Australian Human Rights Commission president Catherine Branson said 180 Indonesians claimed to be under the age of 18 when they arrived in Australia between late 2008 and late 2011, but some were not believed and put in prison.
"The fact is that a significant number of Indonesian children have been incarcerated in adult correctional facilities, including maximum security facilities... in some cases for very long periods of time," she said.
Branson, releasing a report on the treatment of the minors, said while obviously young Indonesians -- including a boy who claimed to be eight -- were sent home, authorities often relied on wrist X-rays to determine their age.
The accuracy of wrist X-rays, an age-profiling tool which compares an individual's bone growth against a standard "atlas" developed in the United States in the 1950s, was now "discredited", she said.

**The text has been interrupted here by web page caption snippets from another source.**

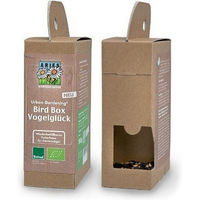 Produktbild von ARIES Bird Box Vogelfutterspender zum Aufhängen inklusive 500g Bio Vogelfutter-Mischung für Wildvögel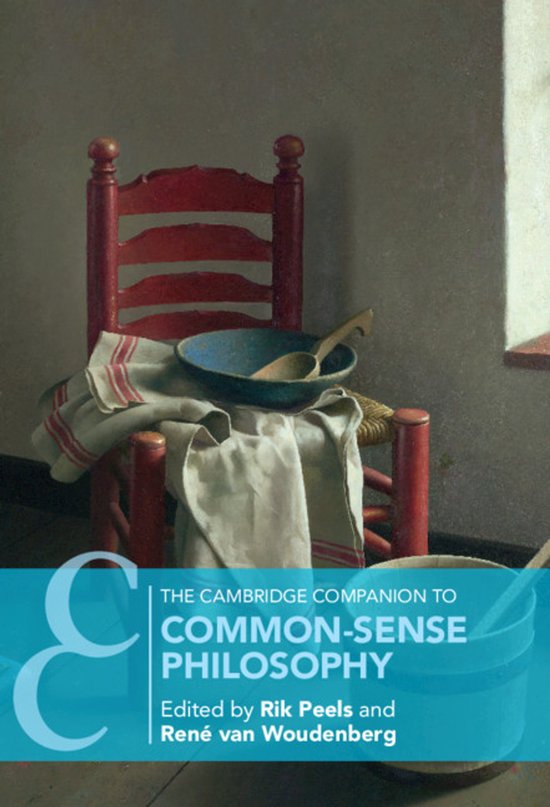 De Cambridge Companion to Common-Sense Philosophy, geredigeerd door Rik Peels en René van Woudenberg, met een rode stoel en keukengerei.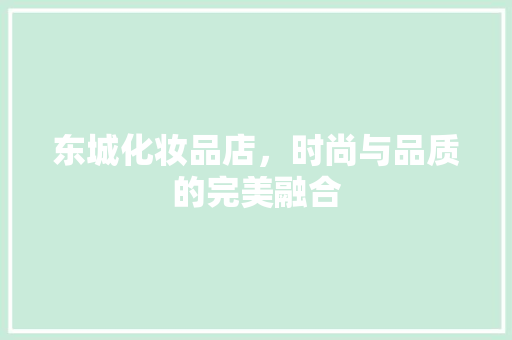 东城化妆品店，时尚与品质的完美融合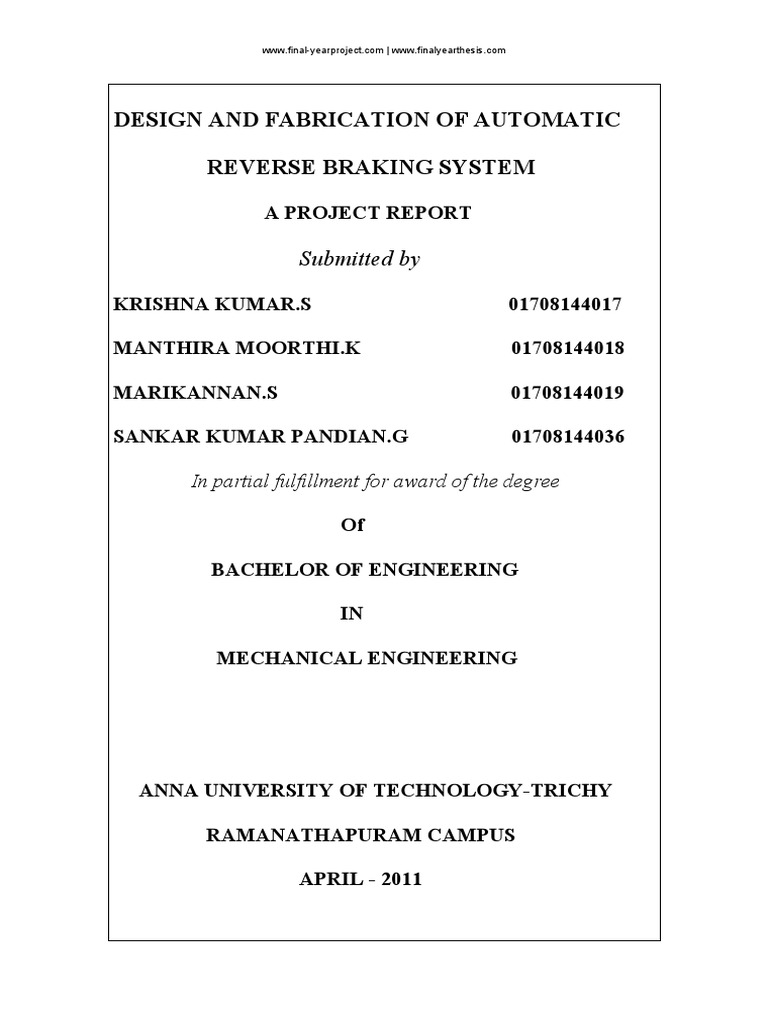 Automatic Reverse Braking System Design | PDF | Electric Motor | Brake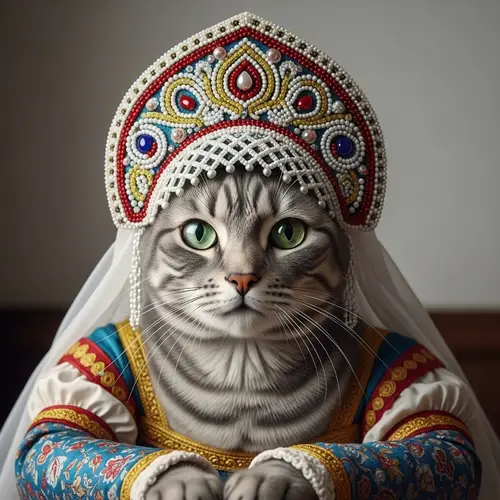 Portrait of a Female Grey Tabby Cat in Kokoshnik Hat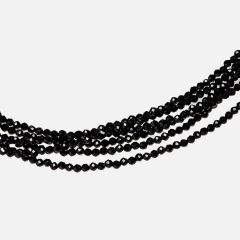 Бусы шпинель черная Шри Ланка (биж. сплав) огранка 2 мм 40 см (+5 см)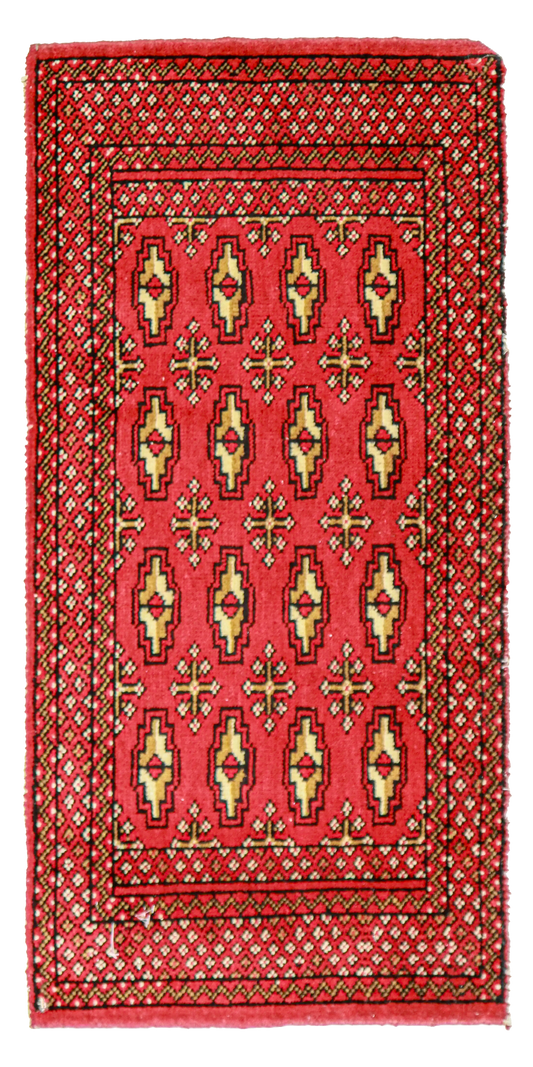 W 1.8 L 3.6 Tekeh 100% Wool Handmade Geometric Design - 64968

"We now know that a significant number of young Indonesians assessed to be adults on the basis of X-ray analysis were in fact children, or were very likely to have been children, at the time of their apprehension," she said.
Asked whether Canberra should apologise for the treatment of these minors, who were mostly poorly educated and came from impoverished fishing villages, Branson said: "My feeling would be that they probably should.
"There is a cohort of individuals whose human rights have not been respected in Australia," she added to reporters in Sydney.